__Instructions to follow__. The reader should set down exactly the lines from the one containing "Чохол для смартфону" through the last line of the material, omitting every picture.
Material supplied Block Start
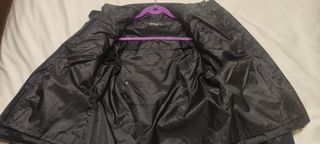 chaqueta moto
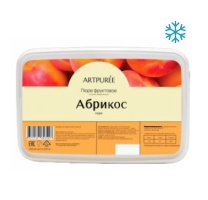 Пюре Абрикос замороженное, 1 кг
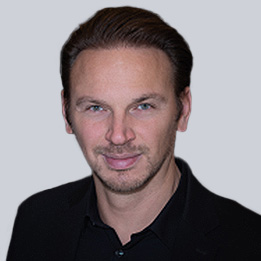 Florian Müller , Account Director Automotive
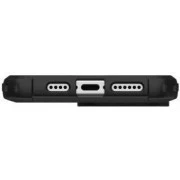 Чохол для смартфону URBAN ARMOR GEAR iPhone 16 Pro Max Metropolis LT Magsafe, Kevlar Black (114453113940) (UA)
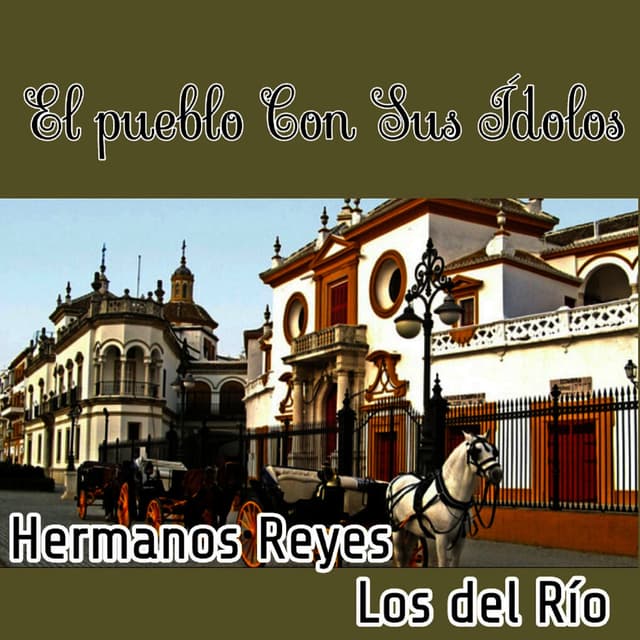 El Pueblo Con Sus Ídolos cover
Material supplied Block End
__Response to the exercise__.
 Чохол для смартфону URBAN ARMOR GEAR iPhone 16 Pro Max Metropolis LT Magsafe, Kevlar Black (114453113940) (UA)
 El Pueblo Con Sus Ídolos cover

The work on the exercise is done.